Abdi Nageeye (born 2 March 1989) is a Somali-Dutch long-distance runner from the Netherlands. He won the silver medal in the marathon at the 2020 Tokyo Olympics. Nageeye placed third at the 2022 New York City Marathon.

He is the Dutch national record holder for the 10 km road race, half marathon and marathon.

Early life
Nageeye was born on 2 March 1989 in Mogadishu, Somalia. At the age of 6, he was resettled as a refugee in the Netherlands. After spending four years in the Netherlands, he then lived with his family in Syria and Somalia. Afterwards, Nageeye returned to the Netherlands via Ethiopia and was adopted by a family in Oldebroek.

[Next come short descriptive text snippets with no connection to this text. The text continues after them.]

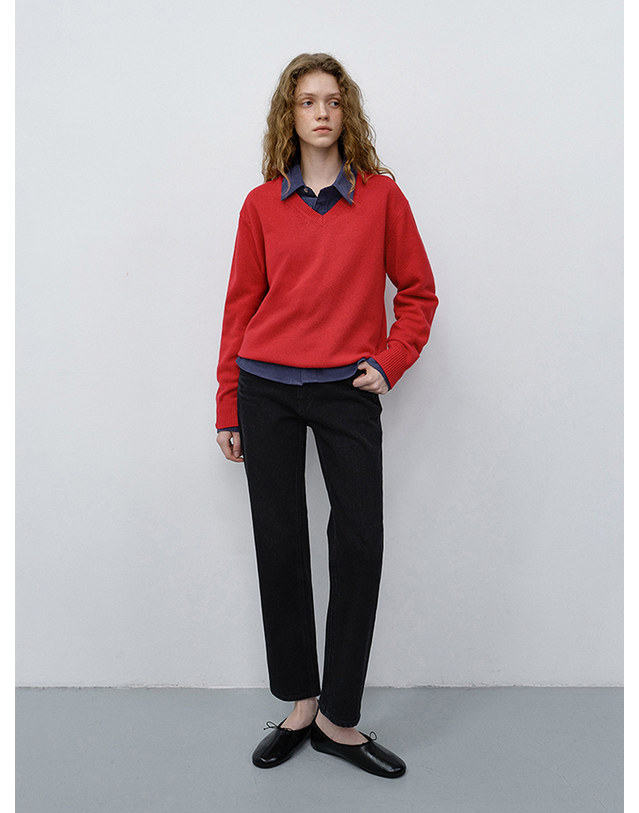 던스트 UNISEX CASHMERE V-NECK SWEATER RED_M_UDSW6C111R2 레드 착용컷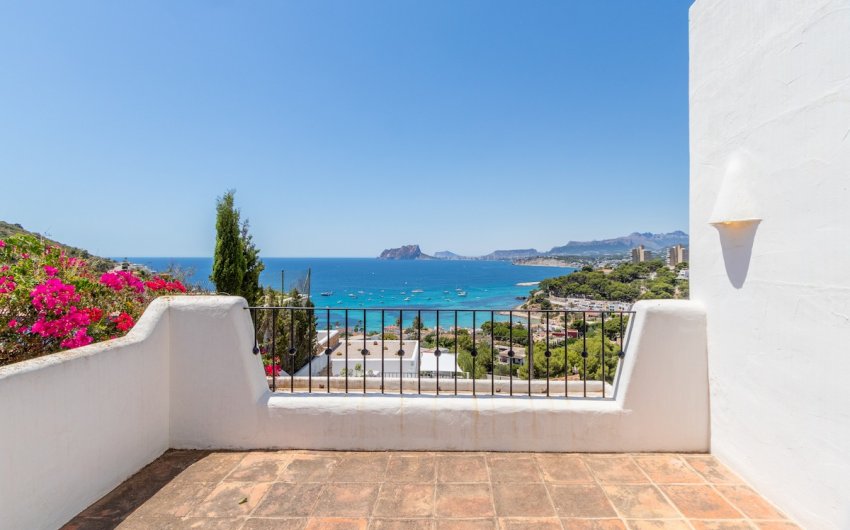 Resale - Villa -
Moraira - El Portet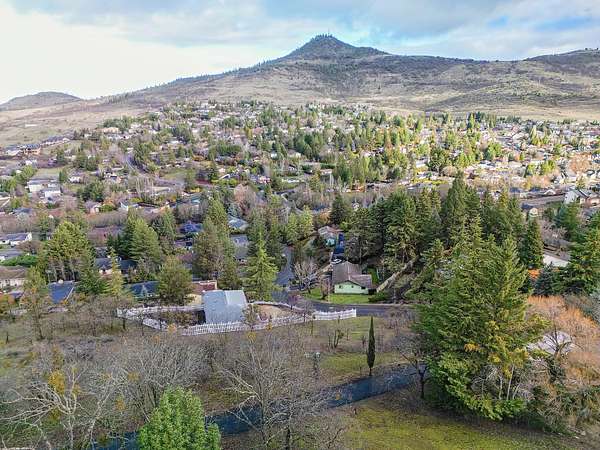 0.3 Acres of Residential Land for Sale in Medford, Oregon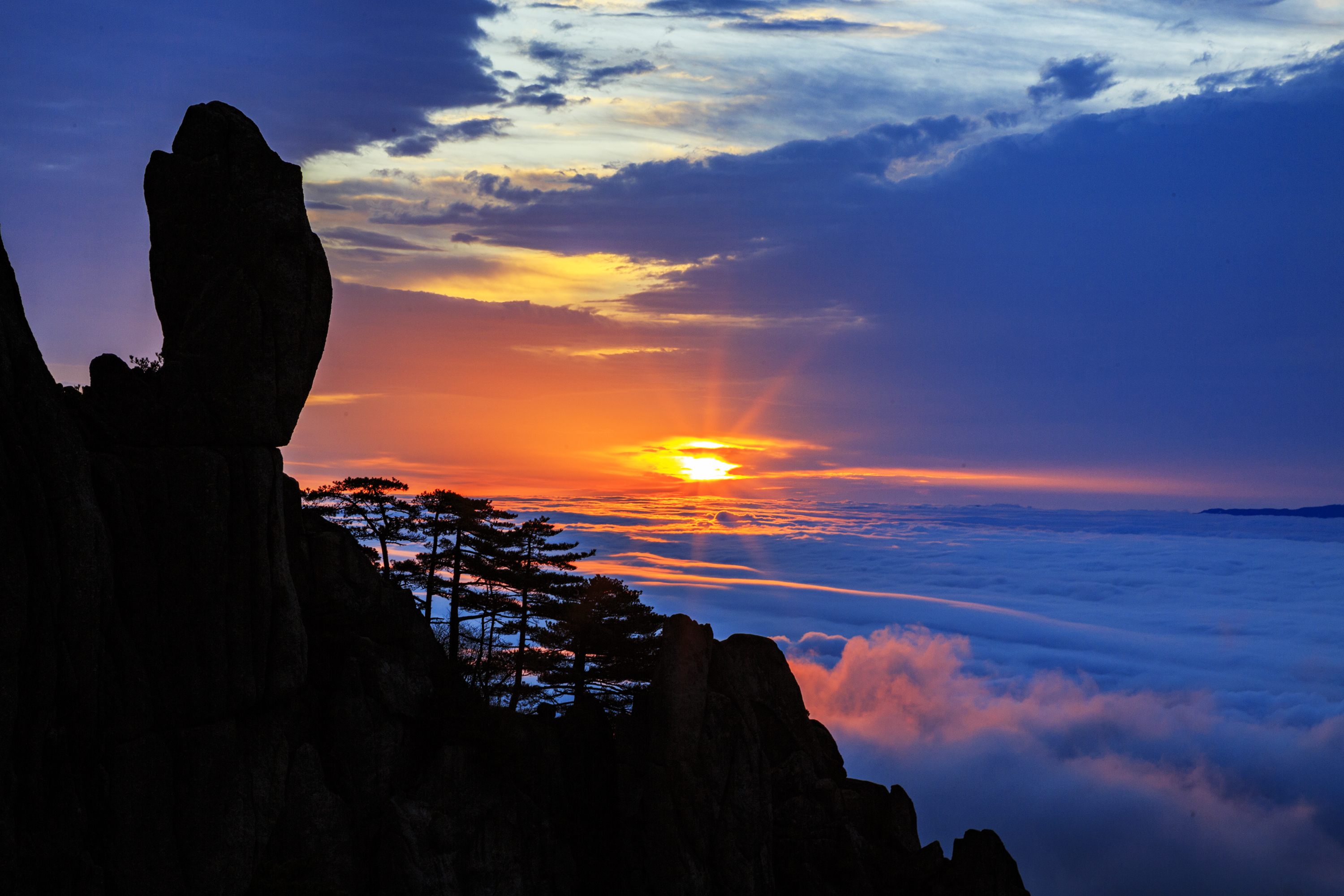 安徽：雨后黄山上演日落“霞海”景观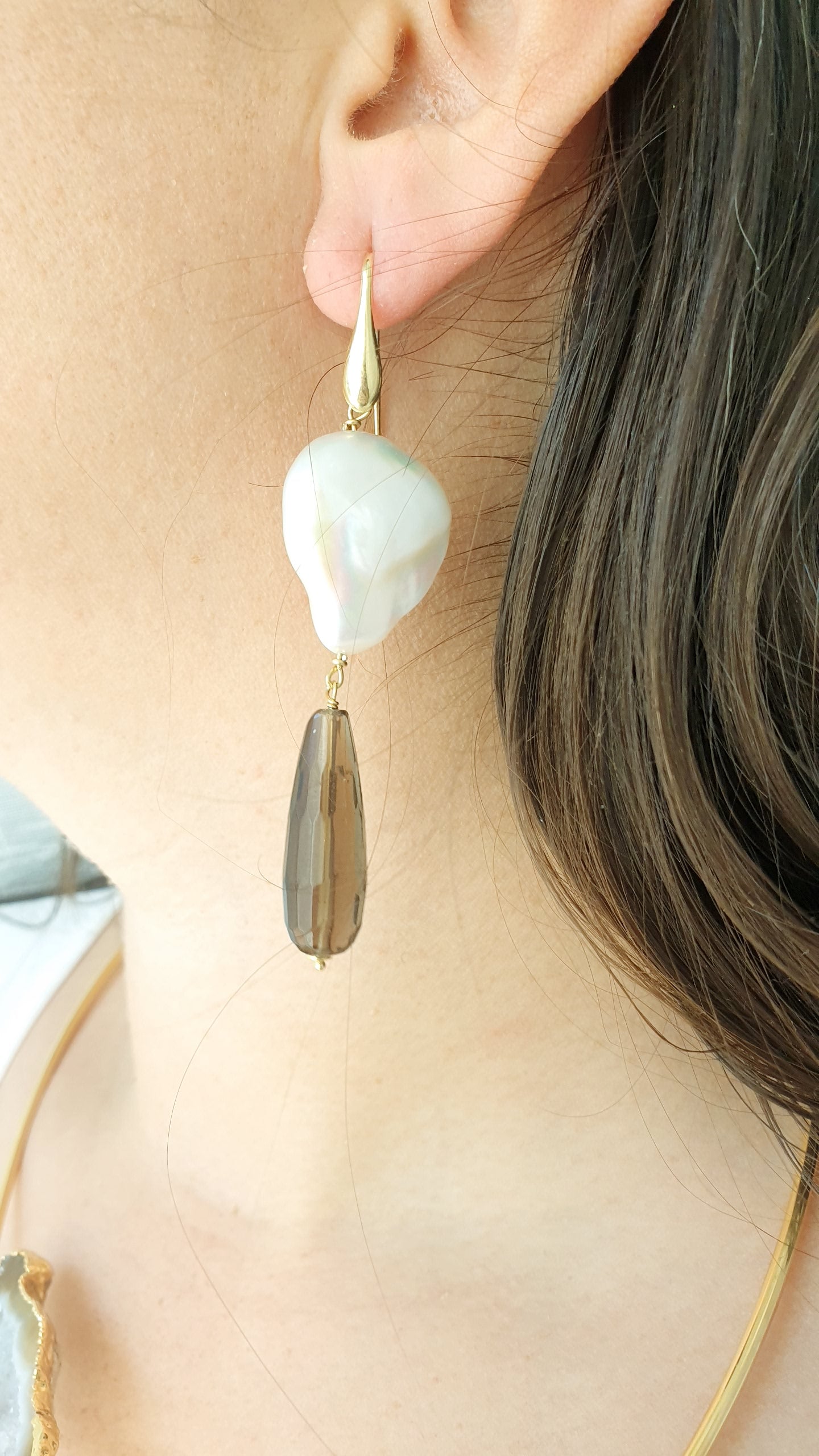 Orecchini in argento con cammeo, perla barocca e quarzo fumo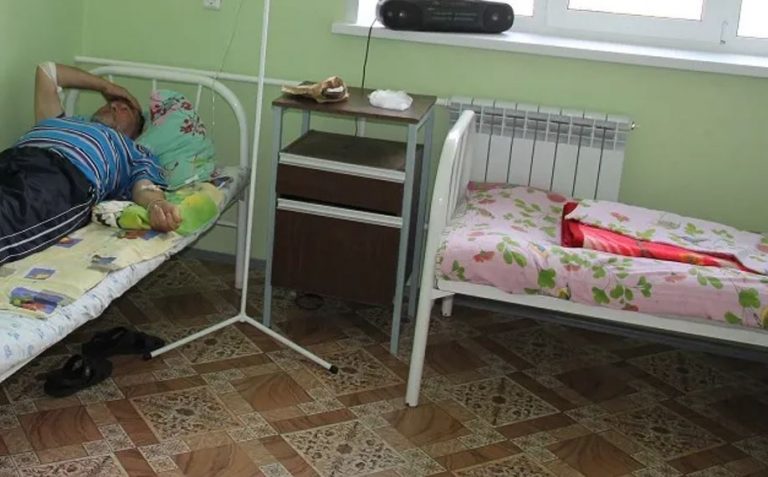 Андрій побачив у своєму сні, що мешкає у великому будинку з гарною жінкою. Він ще не знав, що йому приготувала доля.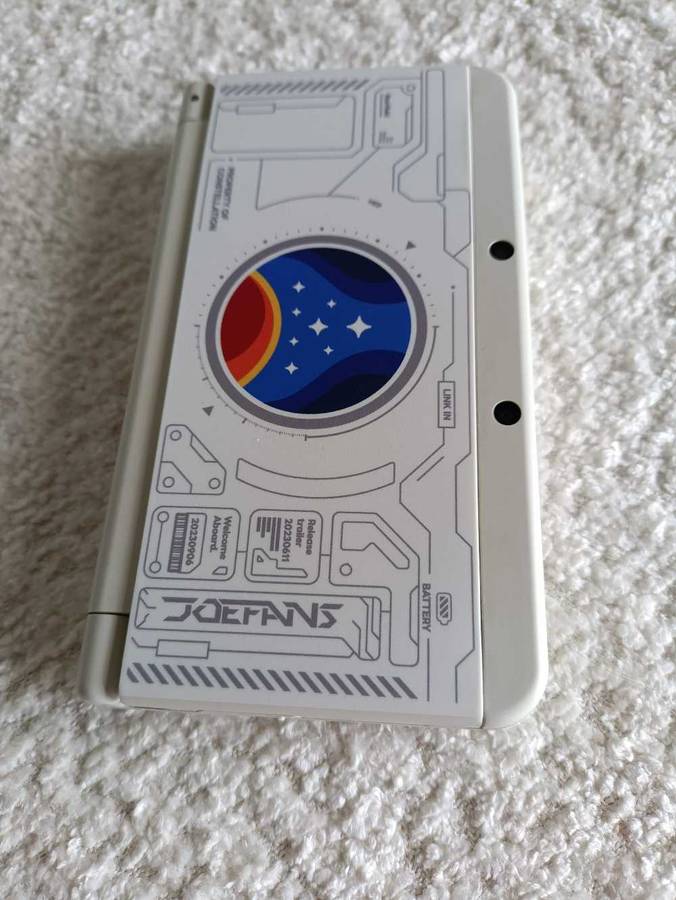 'New' Nintendo 3DS Console With Original Charger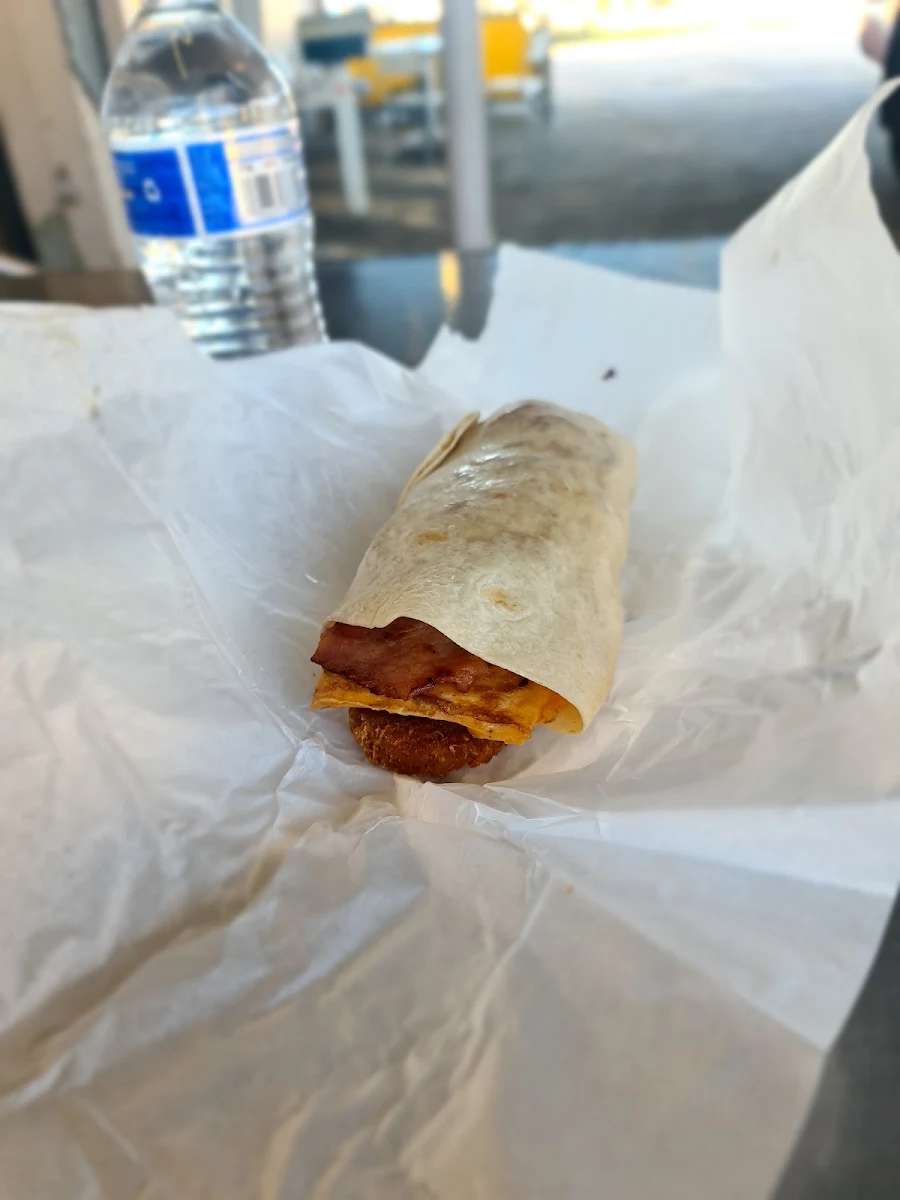 Egg and Bacon Wrap, Bella's On Caversham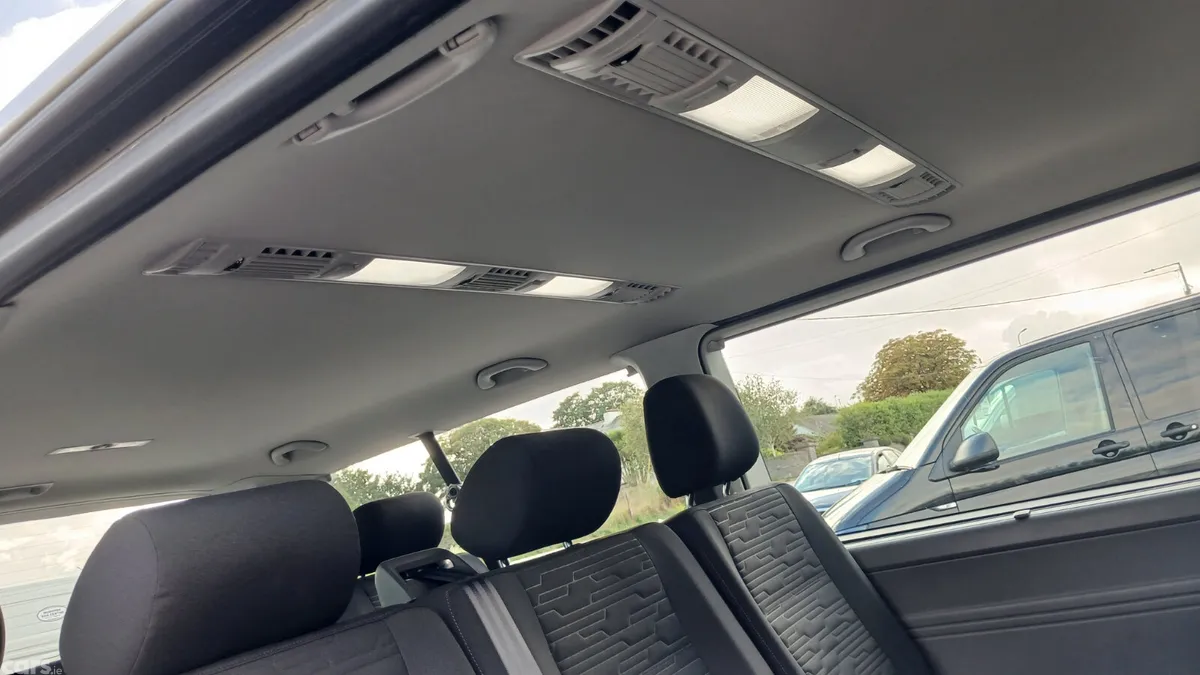 Volkswagen Transporter MPV, Diesel, 2022, Grey
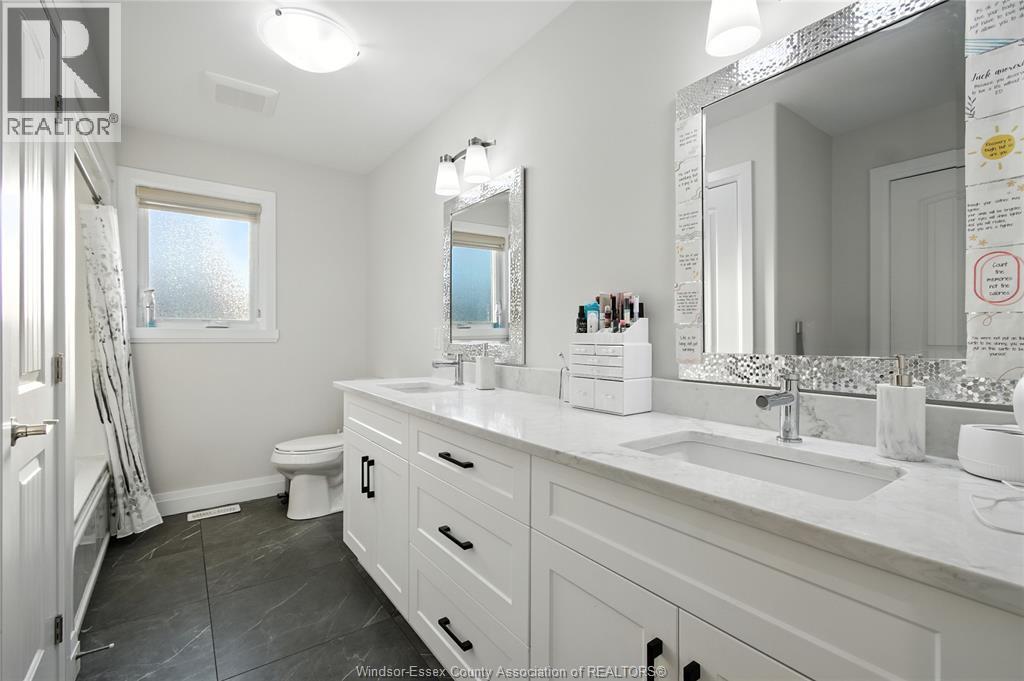 Photo 25 of 27 Kingsbridge Drive, Amherstburg ON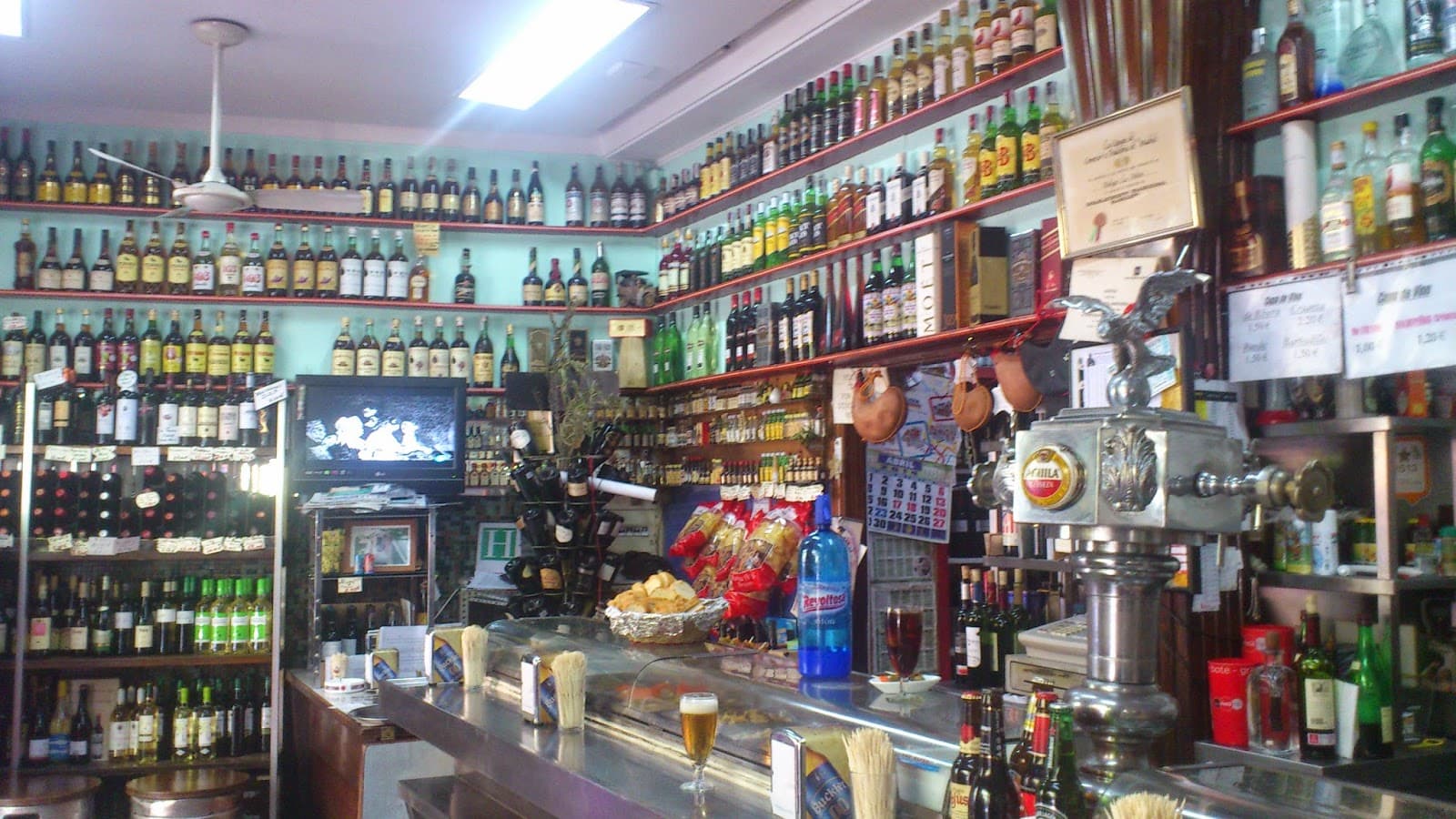 Interior de Bodega de La Ardosa en Malasaña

Nageeye is fluent in Somali, Dutch, Arabic, English, and Amharic.

Career
Nageeye finished eighth at the 2016 Boston Marathon. Later that year, he finished 11th at the Olympic marathon in Rio. In 2018, he competed in the men's marathon at the 2018 European Athletics Championships held in Berlin, Germany. He did not finish his race.

He has also trained in Kenya.

Nageeye is currently part of the NN Running Team, an international team of elite long-distance runners managed by Global Sports Communication in Nijmegen, Netherlands.

Nageeye won the silver medal in the 2020 Tokyo Olympic marathon, finishing in a season's best time of 2:09:58.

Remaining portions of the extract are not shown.